“Toma, pega duas e faz uma.” A frase, carregada de desprezo, foi dita por uma servidora pública durante a entrega de uniformes do programa Cuida Paraná, voltado a pessoas em situação de vulnerabilidade social. O episódio, presenciado por diversos alunos, expõe não apenas um caso de gordofobia explícita, mas uma série de erros administrativos, violências institucionais e negligências por parte da Secretaria da Justiça e Cidadania, responsável pelo projeto.
A cena se passou diante de dezenas de alunos: Roberta Justos, servidora da Secretaria da Justiça e Cidadania, entregava os uniformes aos participantes do curso promovido em parceria com o SENAI. Ao se deparar com três alunas gordas, proferiu a frase que chocou: “Pega duas e faz uma”. O comentário não só foi humilhante como revelou a falta de planejamento e empatia que marcam a execução do programa.
A coleta de numeração dos uniformes foi feita apenas um dia antes da entrega, contradizendo o que havia sido dito no evento de abertura. Tamanhos grandes sequer foram licitados, o que mostra o descaso com corpos fora do padrão, especialmente grave num programa que se propõe inclusivo e acolhedor para migrantes, pessoas em situação de rua e outras vulnerabilidades.
Uma das alunas afetadas relatou que não poderá frequentar as aulas sem o uniforme, e que, até o momento, não recebeu nenhuma alternativa concreta. O SENAI chegou a prometer um jaleco emprestado, mas o item ainda não foi entregue.
Além do episódio de gordofobia, a conduta da servidora Roberta Justos tem causado mal-estar generalizado entre alunos e docentes. No dia da entrega, visivelmente alterada, ela foi descrita como grosseira, arrogante e despreparada para lidar com o público. Ao ser questionada, reagia com irritação, recusava qualquer forma de feedback e chegou a ameaçar verbalmente um aluno.
A atitude autoritária de Roberta não se restringiu a uma única unidade.
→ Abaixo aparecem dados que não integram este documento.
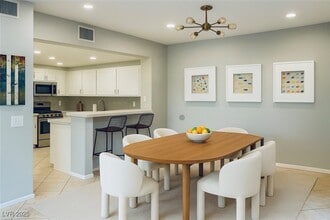 Building Photo - 10809 Garden Mist Dr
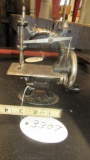 Minature Reliable sewing machine hand crank model rare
Em diferentes locais de realização do projeto, alunos relataram posturas semelhantes. Há ainda o registro de que ela teria dito a um dos coordenadores do SENAI: “Cala a boca, quem manda sou eu.”
O caso da entrega dos uniformes é apenas um entre muitos problemas que vêm marcando o Cuida Paraná. Alunos relatam a ausência de cronogramas, lista de materiais e falta de informações básicas sobre o andamento do curso. Nem mesmo os professores — que têm se mostrado comprometidos e esforçados — sabem exatamente o que será feito nas etapas seguintes.
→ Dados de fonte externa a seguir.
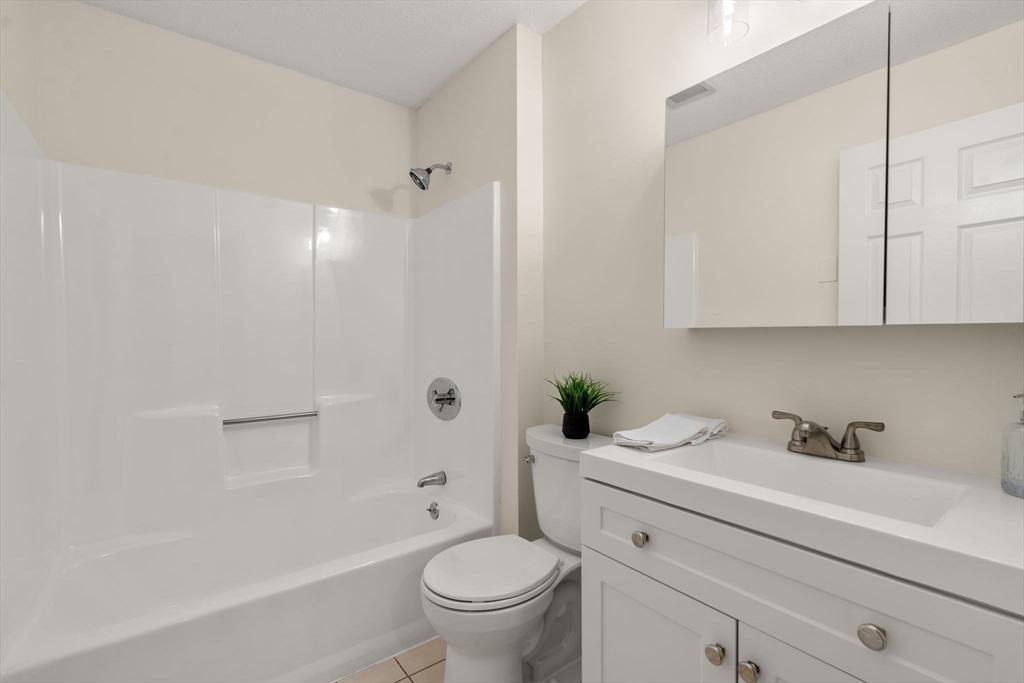 160 Pine Street # 26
Além disso, os lanches oferecidos — também licitados — são de baixa qualidade, o que gerou novas reclamações. A frustração é constante: alunos entraram no programa com o desejo de aprender e transformar suas vidas, mas se depararam com uma estrutura marcada por improviso, exclusão e negligência institucional.
O Cuida Paraná foi anunciado pelo Governo do Estado como uma iniciativa para capacitar migrantes e pessoas em situação de rua. São 128 alunos que compartilham o sonho de aprender para empreender, buscando qualificação profissional como ponte para o mercado de trabalho.
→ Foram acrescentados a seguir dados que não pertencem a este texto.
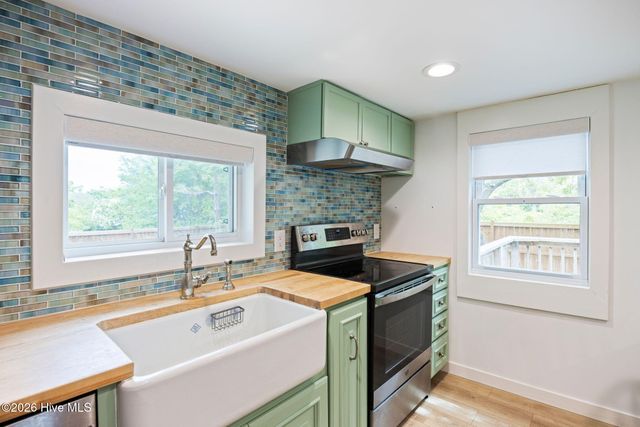 500 Lewis Drive, Carolina Beach, NC 28428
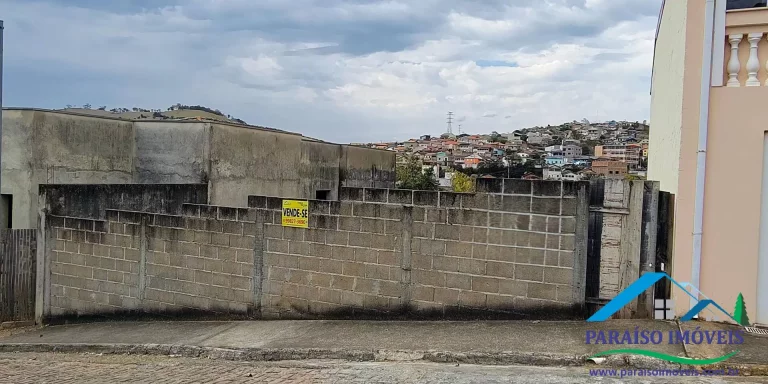 Imagem Oportunidade Única: Terreno no Centro de Paraisópolis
Porém, ao invés de inclusão, encontram barreiras veladas e explícitas. O despreparo da Secretaria da Justiça e Cidadania — e, em especial, de figuras como Roberta Justos — expõe como até mesmo projetos com potencial social podem reproduzir a violência institucional que deveriam combater.
É necessário que a Secretaria da Justiça e Cidadania se manifeste publicamente sobre as denúncias e tome medidas concretas de reparação. Os erros administrativos podem ser corrigidos com organização e planejamento. Mas os crimes de gordofobia, assédio moral e abuso de autoridade cometidos por Roberta Justos exigem responsabilização imediata.
Não é aceitável que, em um programa que deveria acolher, alunos sejam humilhados, silenciados e privados de condições básicas para participar. O Governo do Estado do Paraná deve responder: por que um projeto de inclusão virou palco de exclusão?
Enquanto isso, os alunos seguem firmes apenas por um motivo: o empenho dos professores e a esperança de que o aprendizado supere a dor causada por um sistema que ainda os enxerga com desprezo.
Caso foi denunciado no Ministério Público do Paraná e Ministério dos Direitos Humanos.